El aclaramiento medio geométrico (CL) de lutecio (177Lu) vipivotida tetraxetán es de 2,04 l/h (CV 31,5%).

El lutecio (177Lu) vipivotida tetraxetán se elimina principalmente por vía renal.

Vida media

Pluvicto muestra una eliminación biexponencial con una vida media de eliminación terminal media geométrica (t½) de 41,6 horas (CV 68,8%).

Biotransformación

Lutecio (177Lu) vipivotida tetraxetán no sufre metabolismo hepático ni renal.

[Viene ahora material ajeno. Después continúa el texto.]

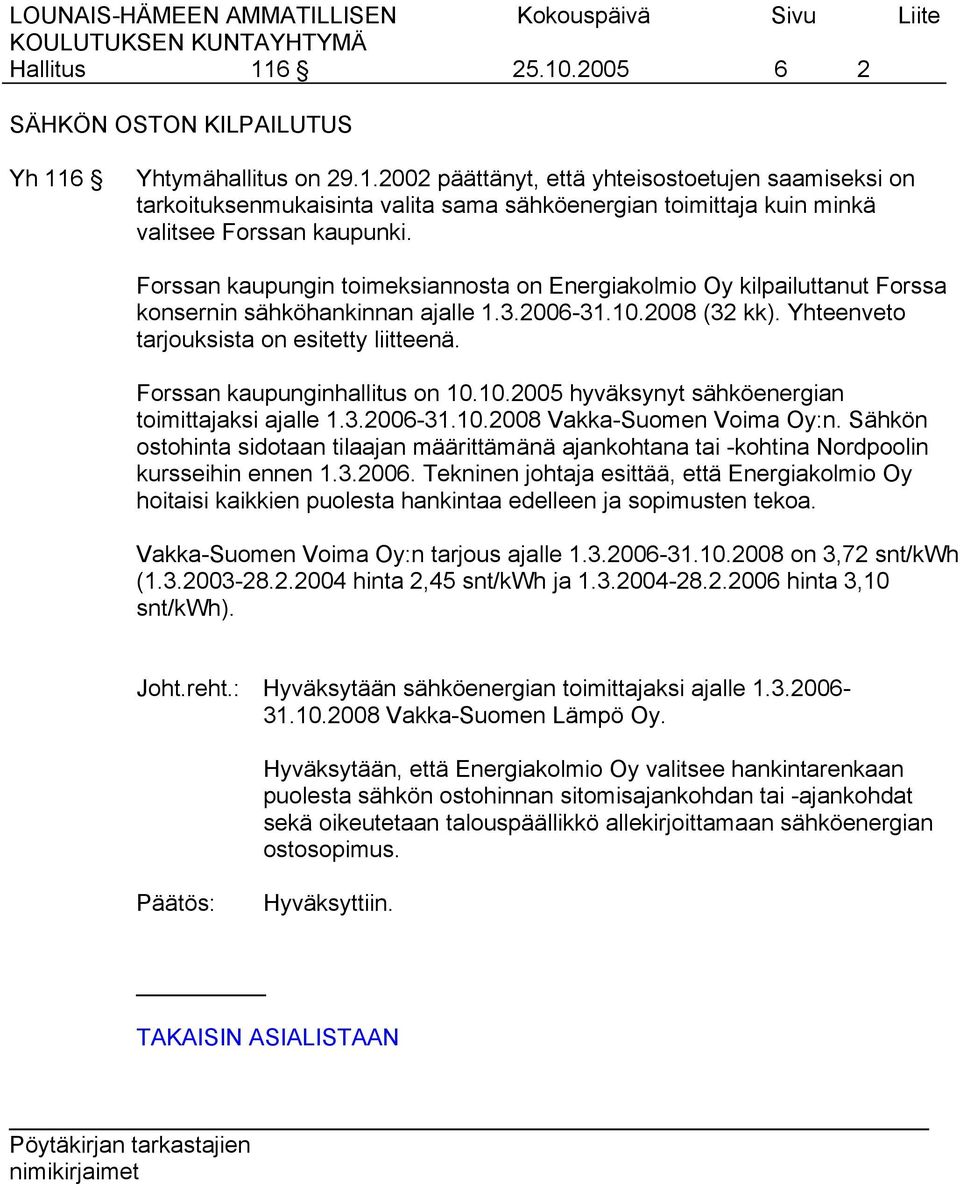 Forssan kaupunginhallitus on 10.10.2005 hyväksynyt sähköenergian toimittajaksi ajalle 1.3.2006-31.10.2008 Vakka-Suomen Voima Oy:n.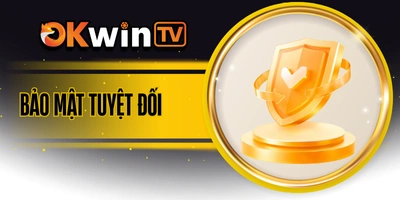 Bảo mật xem bóng đá trực tiếp OKWINTV
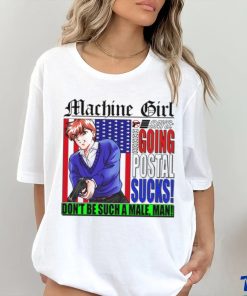 Machine Girl Says Going Postal Sucks Dont Be Such A Male Man Shirt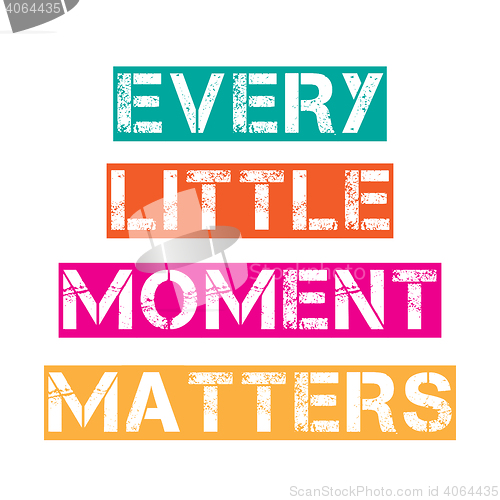 Image of Inspirational quote.\"Every little moment matters\"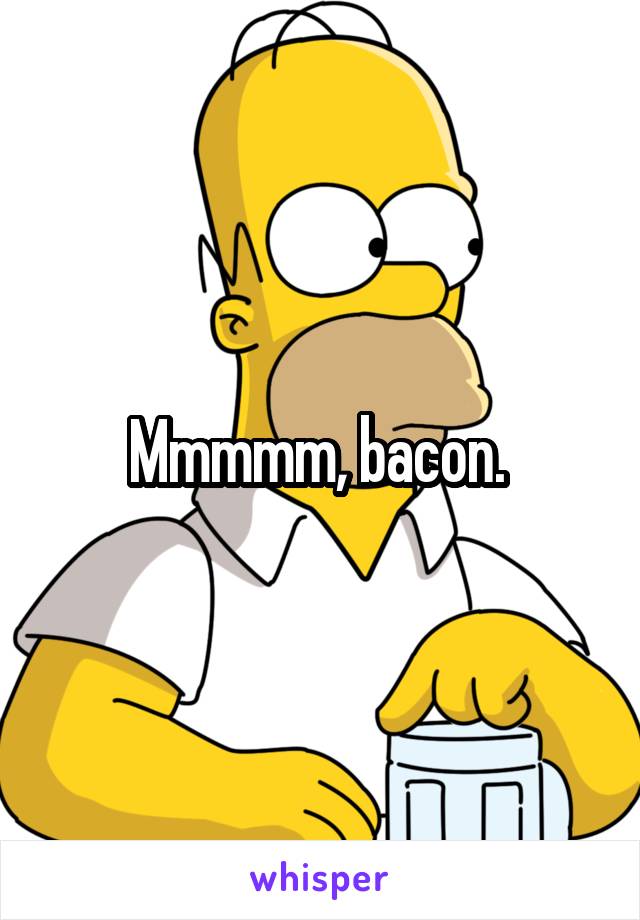 Mmmmm, bacon. 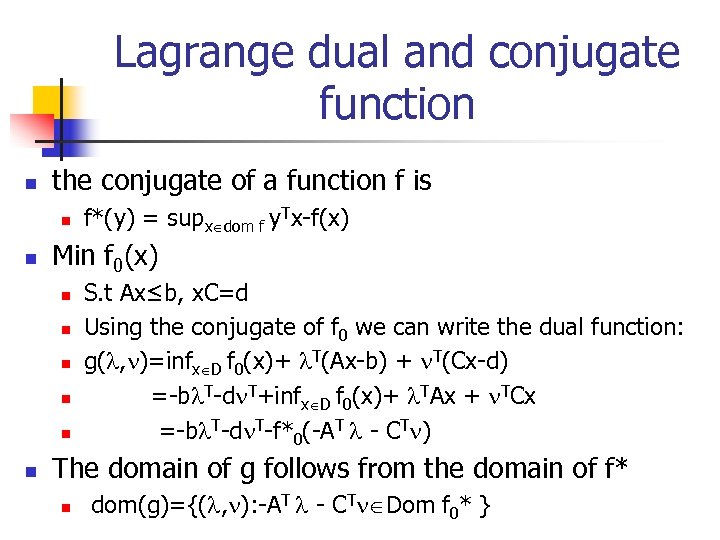 Lagrange dual and conjugate function n the conjugate of a function f is n
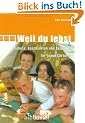 Weil du lebst. Gebete, Geschichten und Gedanken f�r junge Christen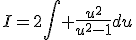 I=2\Bigint \frac{u^{2}}{u^{2}-1}du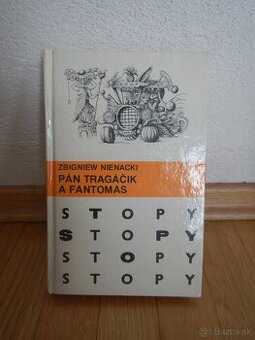 kniha Pán Tragáčik a Fantomas, STOPY, Z. Nienacki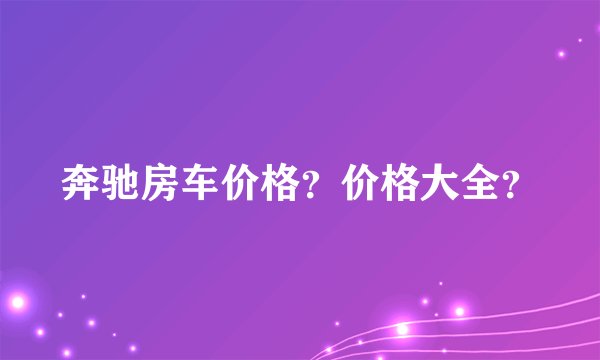 奔驰房车价格？价格大全？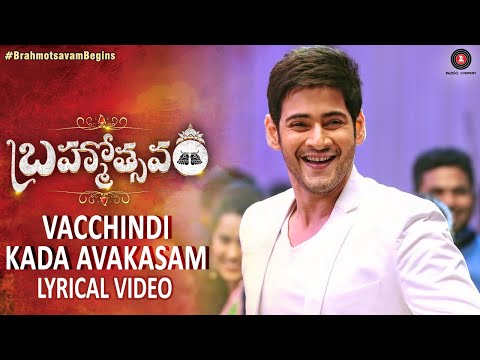 Vacchindi Kada Avakasam - Lyrical Video | Brahmotsavam | Mahesh Babu & Kajal Aggarwal
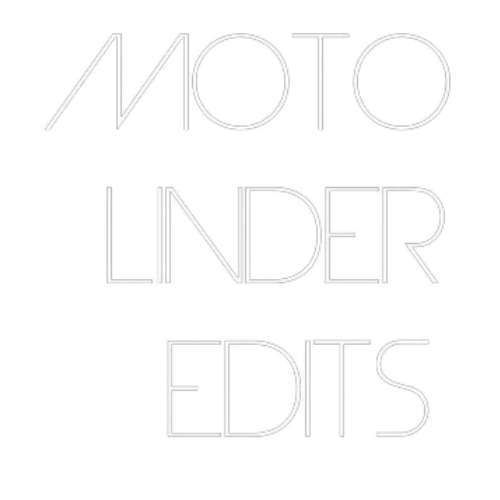 Moto Linder Edits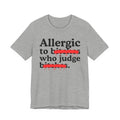 Allergic To Bitches Who Judge Bitches — Sarcastic Sassy Statement T-Shirt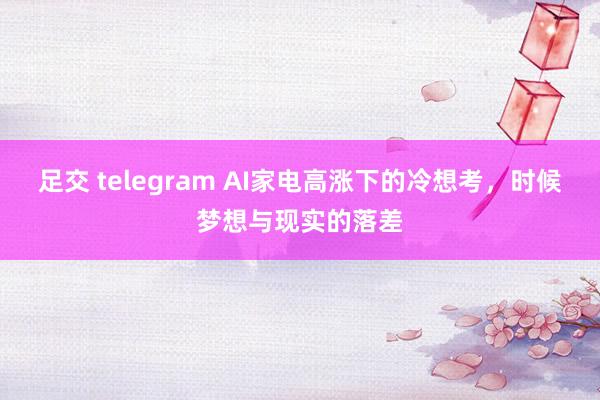 足交 telegram AI家电高涨下的冷想考，时候梦想与现实的落差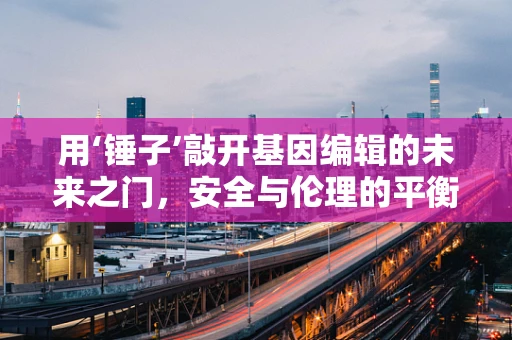 用‘锤子’敲开基因编辑的未来之门，安全与伦理的平衡何在？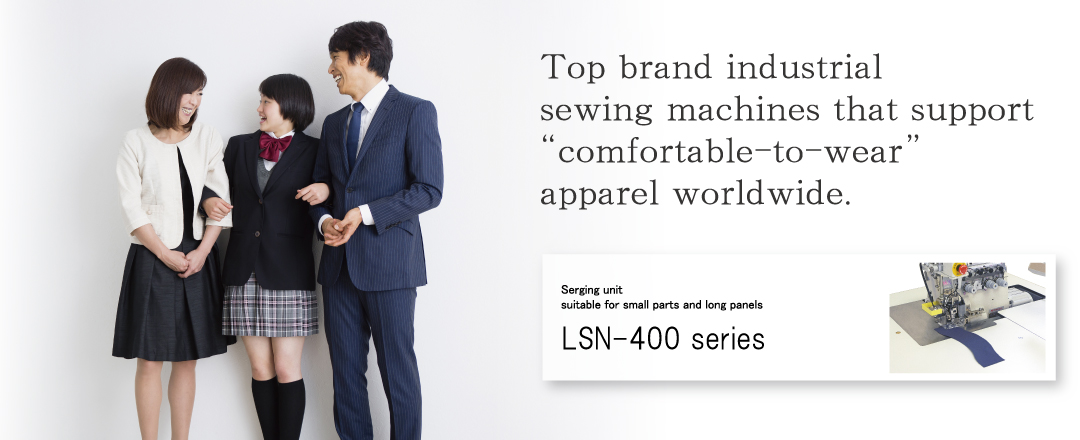 Top brand industrial sewing machines that support “comfortable-to-wear” apparel worldwide
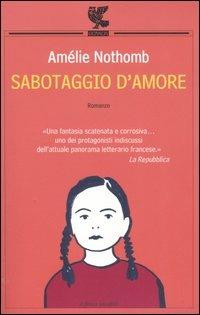 Sabotaggio d'amore - Amélie Nothomb - copertina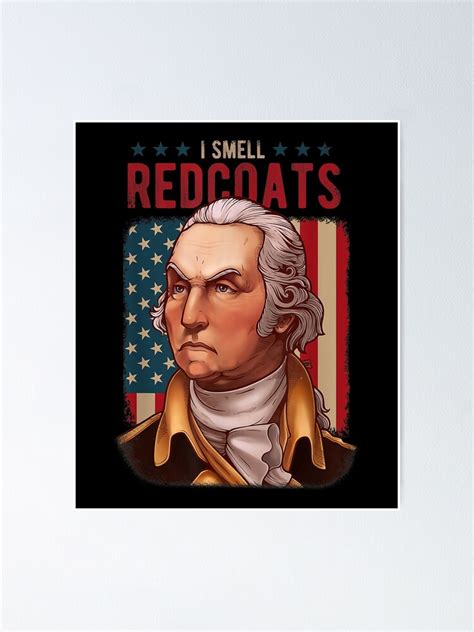 " George Washington Smell Redcoats American Flag 4th July" Poster for Sale by bessiey23 | Redbubble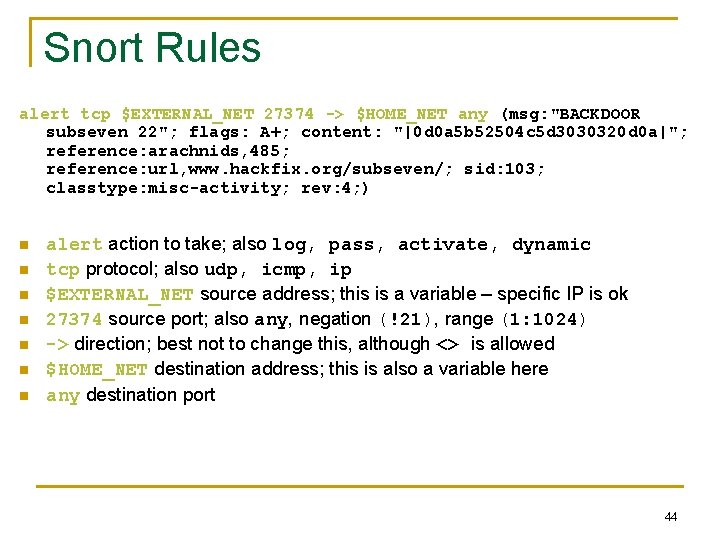 Snort Rules alert tcp $EXTERNAL_NET 27374 -> $HOME_NET any (msg: "BACKDOOR subseven 22"; flags:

Evaluación in vitro de la potencial interacción farmacológica

Enzimas del CYP450

Vipivotida tetraxetán no es un sustrato de las enzimas del citocromo P450 (CYP450). No induce el citocromo P450 (CYP) 1A2, 2B6 o 3A4, y no inhibe el citocromo P450 (CYP) 1A2, 2B6, 2C8, 2C9, 2C19, 2D6 o 3A4/5 in vitro.

Transportadores

Vipivotida tetraxetán no es un sustrato de BCRP, P‑gp, MATE1, MATE2‑K, OAT1, OAT3 o OCT2, y no es un inhibidor de BCRP, P‑gp, BSEP, MATE1, MATE2‑K, OAT1, OAT3, OATP1B1, OATP1B3, OCT1 o OCT2 in vitro.

Poblaciones especiales

Efectos de la edad y del peso corporal

No se identificaron efectos clínicamente significativos sobre los parámetros farmacocinéticos de lutecio (177Lu) vipivotida tetraxetán para las siguientes covariables evaluadas en 30 pacientes en el subestudio VISION de fase III: edad (mediana: 67 años; rango: de 52 a 80 años) y peso corporal (mediana: 88,8 kg; rango: de 63,8 a 143,0 kg).

Insuficiencia renal

La exposición (AUC) de lutecio (177Lu) vipivotida tetraxetán aumentó en un 20% en pacientes con insuficiencia renal leve en comparación con la función renal normal. La vida media de la dosimetría renal también aumentó en pacientes con insuficiencia renal leve en comparación con la función renal normal, 51 horas frente a 37 horas, respectivamente. Los pacientes con insuficiencia renal leve o moderada pueden tener un mayor riesgo de toxicidad (ver sección 4.4). No hay datos farmacocinéticos disponibles en pacientes con insuficiencia renal de moderada a grave con CLcr inicial <50 ml/min o enfermedad renal en estadio terminal.